> Data

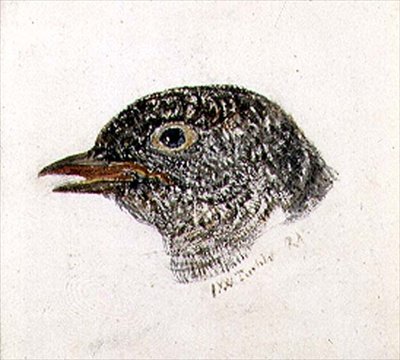 Guguk kuşu, The Farnley Book of Birds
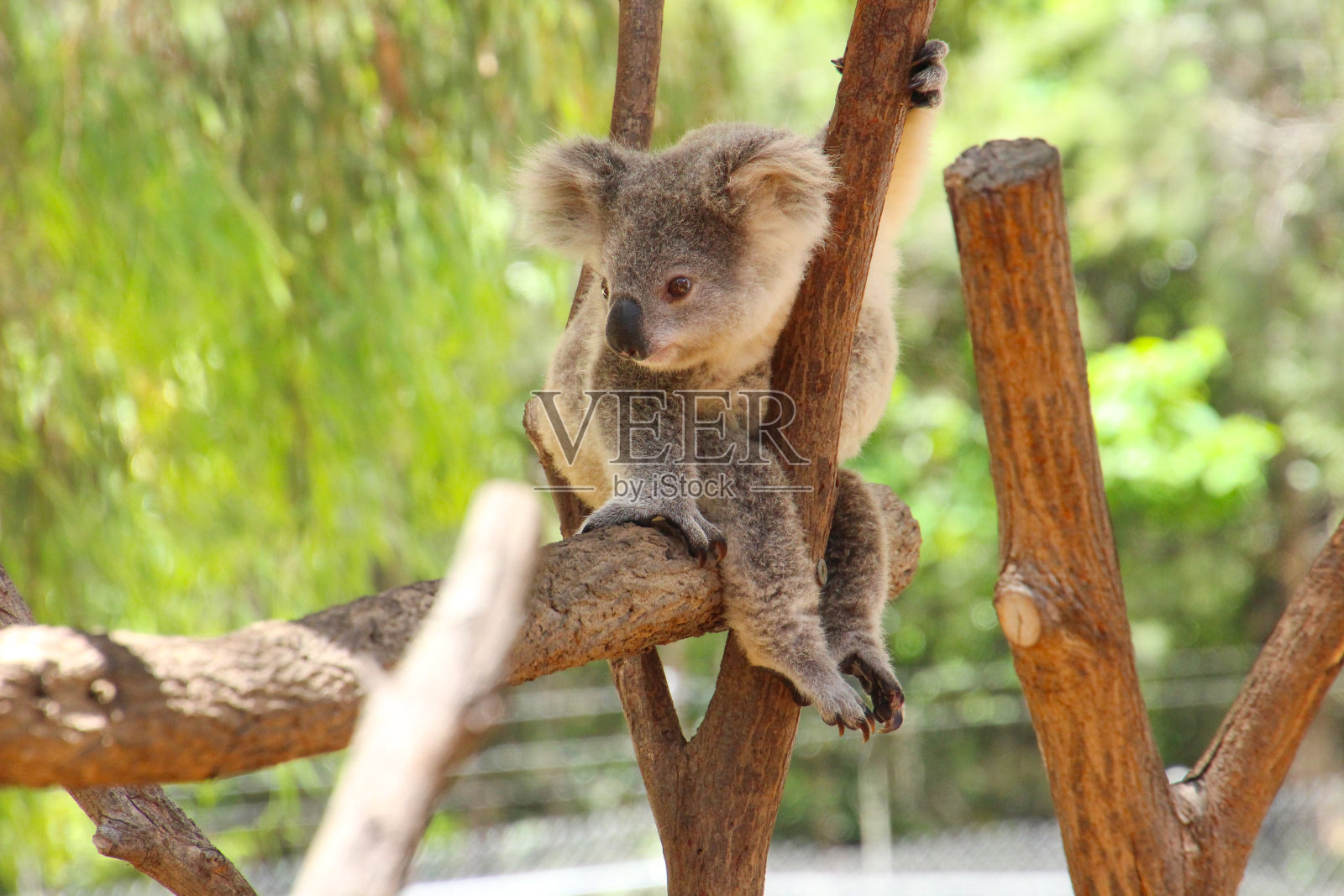小树袋熊抱着树枝坐在树上，向一边看照片摄影图片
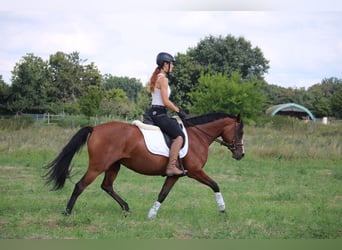 Deutsches Reitpony, Stute, 5 Jahre, 151 cm, Brauner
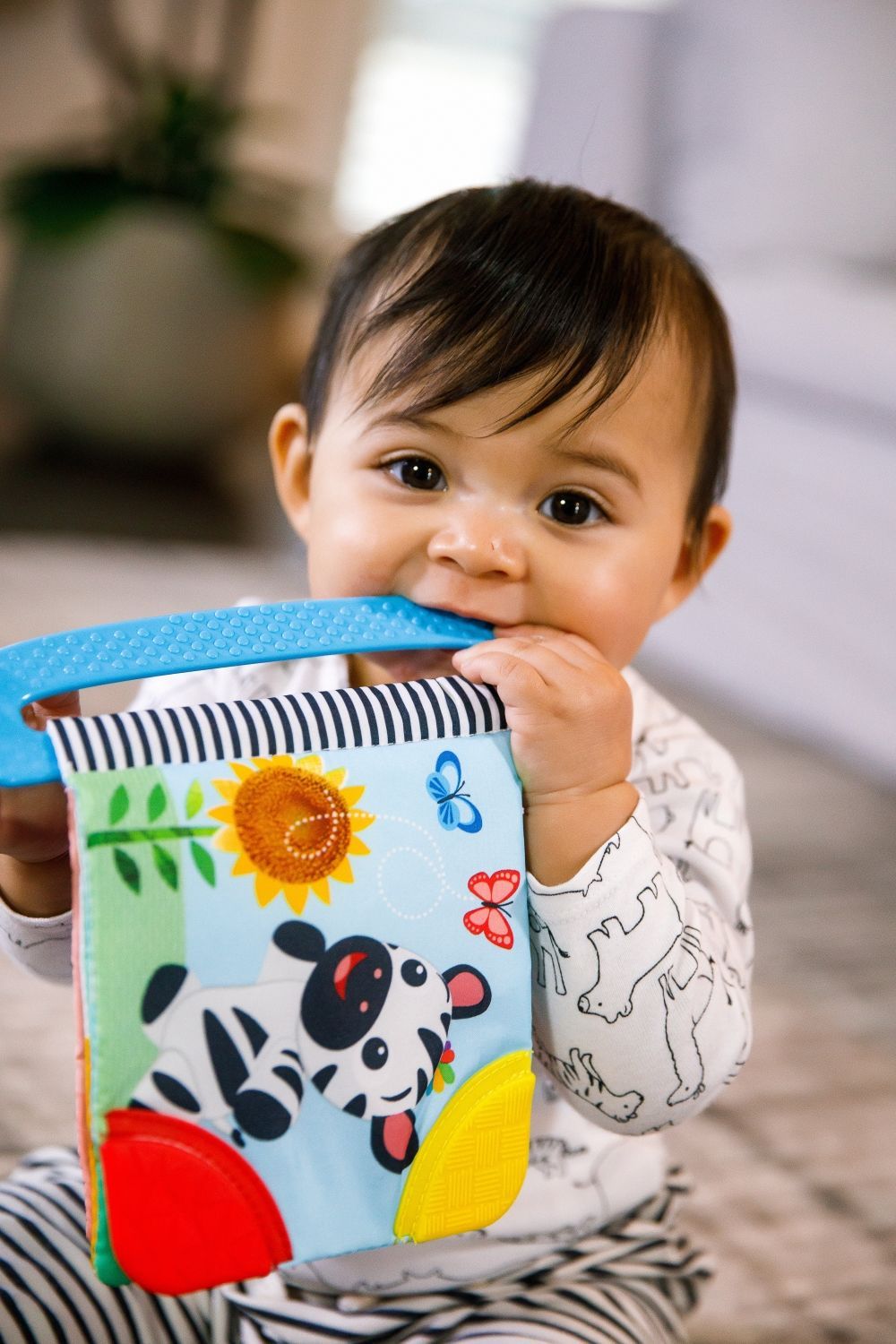 Baby Einstein - Curious Explorers Teether Book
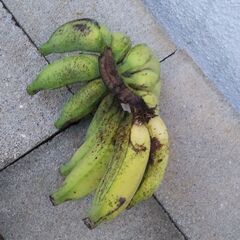 バナナ苗１株　ブラジル原産の画像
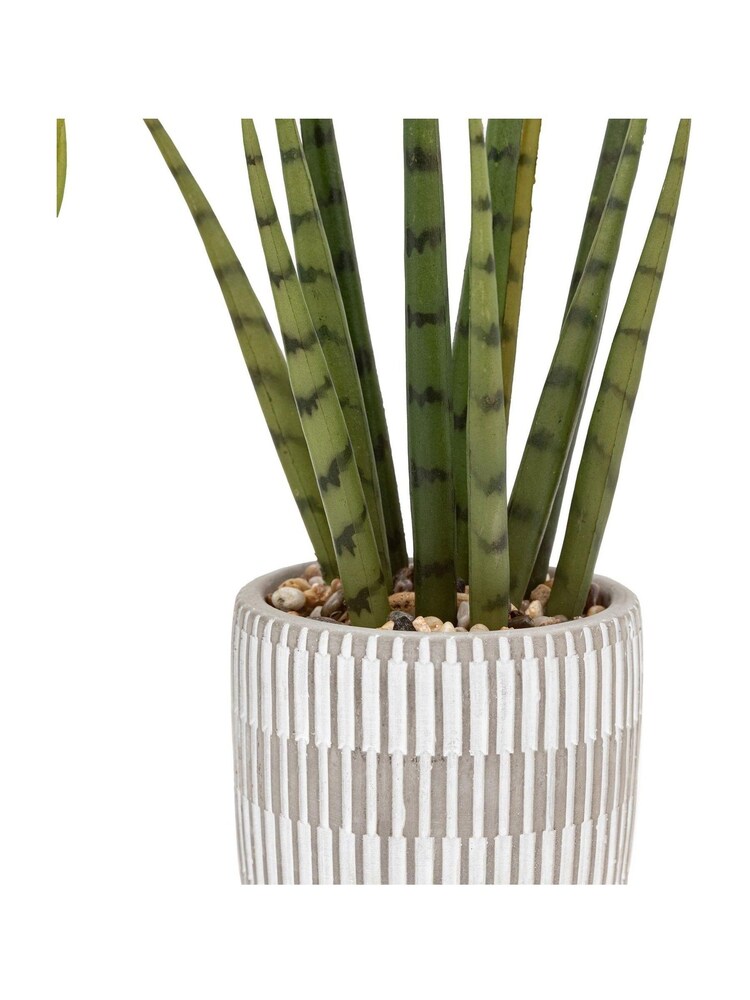 Gallery Home Set of 2 Natural Faux Small Succulents in Ceramic potsw - Image 5 of 5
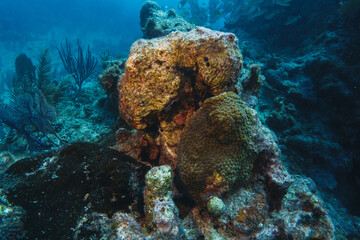coral reef macro ,texture, abstract marine ecosystem background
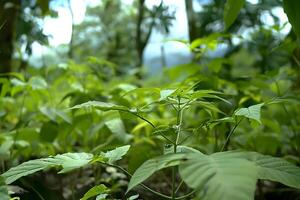 Lush Greenery. Exploring the Vibrant Green Leaves of a Tropical Plant in a Dense Forest Setting, Showing the Intricate Details of its Foliage with a Focus on Natural Light and Shadow Play photo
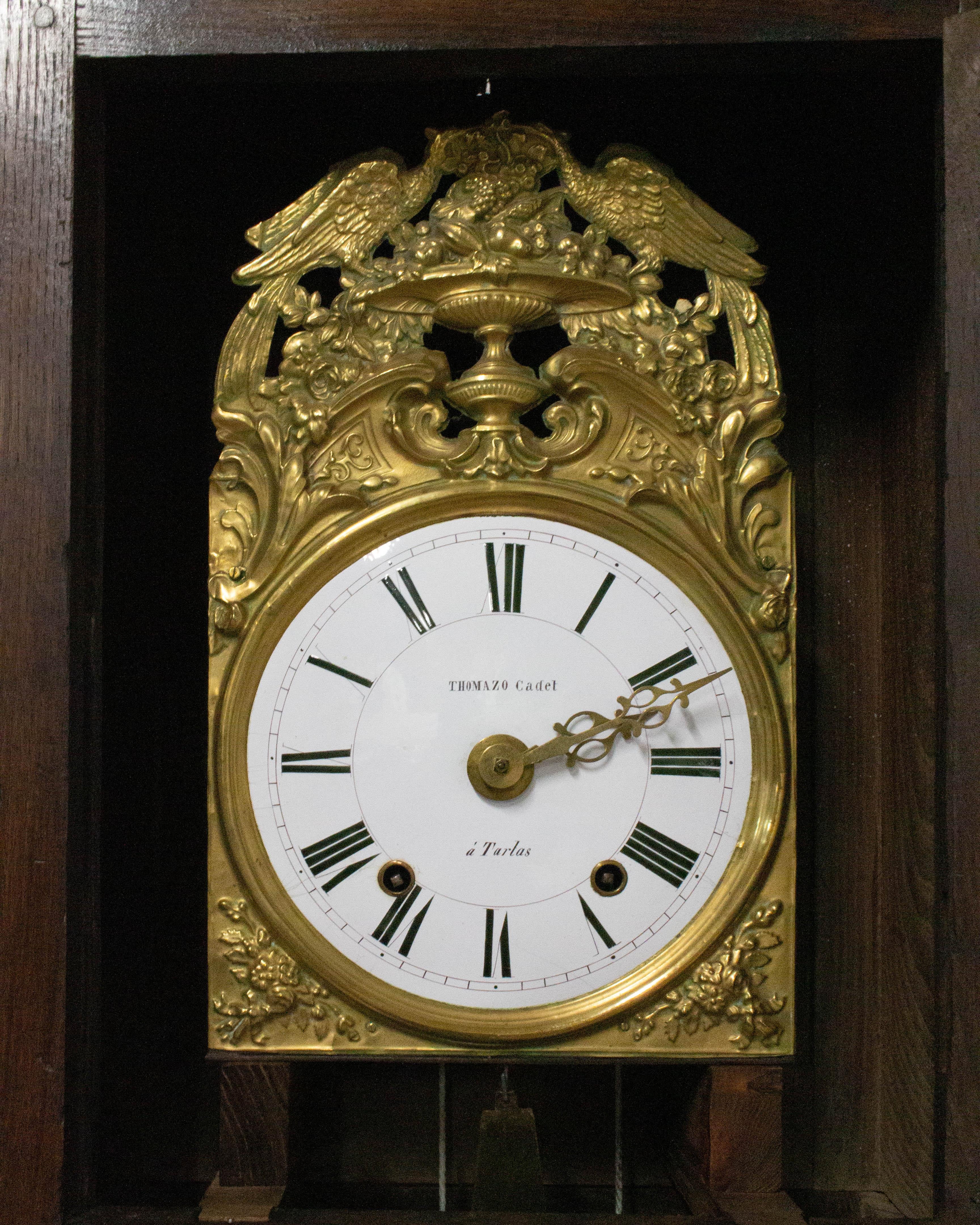19th Century French Longcase or Grandfather Clock 1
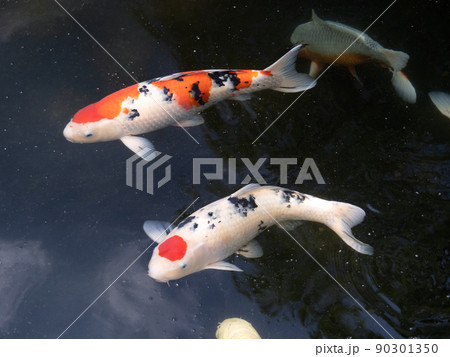 ニシキゴイ 90301350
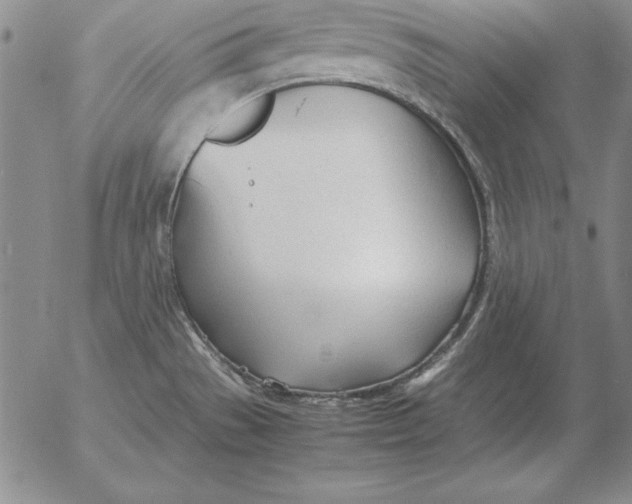 X0000053111529200508012111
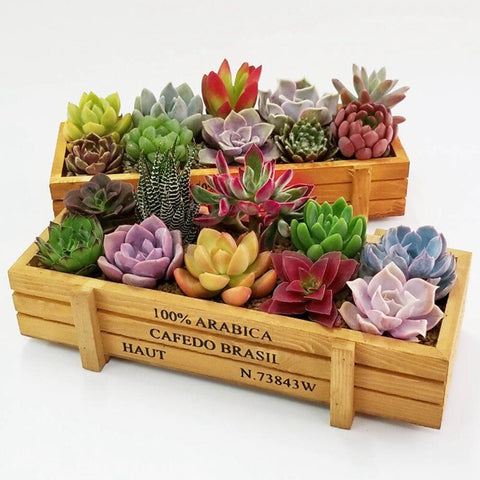 Garden Plant Pot Decorative Vintage succulent planter Wooden Boxes Crates Rectangle Table Flower Pot Gardening Device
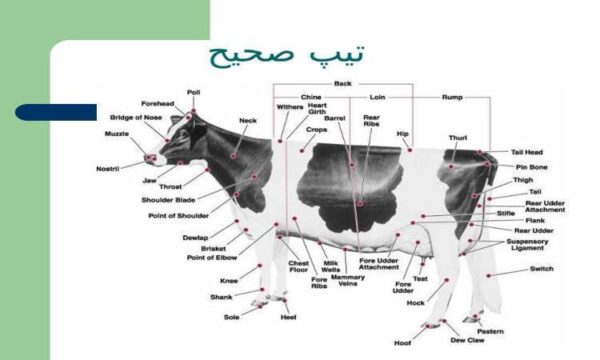 تیپ-صحیح-گاو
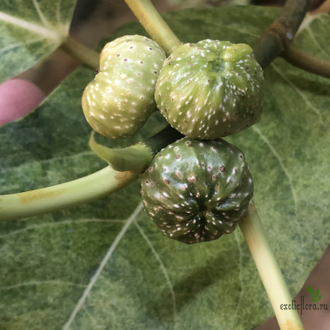 Ficus septica "gold splash" / фикус септика голд сплеш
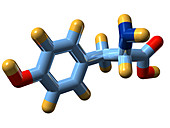 Tyrosine,molecular model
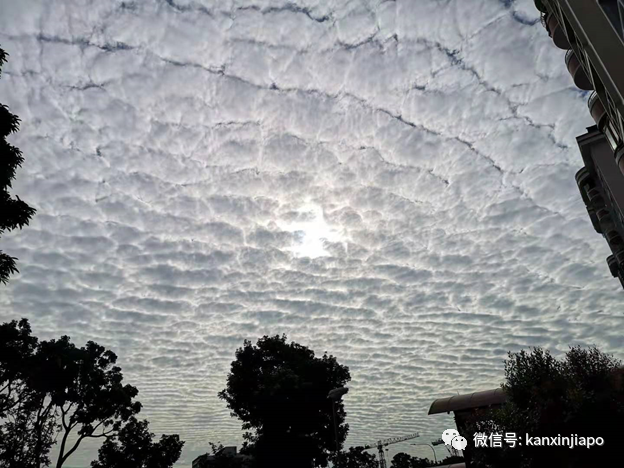 “地震雲”昨早刷爆朋友圈！很少看過這麽“怪異”的朝陽……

> To do
With pictures omitted, restate word for word every line above from the one containing "Garden Plant Pot" to the end of the entries.

> Exercise result
 Garden Plant Pot Decorative Vintage succulent planter Wooden Boxes Crates Rectangle Table Flower Pot Gardening Device
 تیپ-صحیح-گاو
 Ficus septica "gold splash" / фикус септика голд сплеш
 Tyrosine,molecular model
 “地震雲”昨早刷爆朋友圈！很少看過這麽“怪異”的朝陽……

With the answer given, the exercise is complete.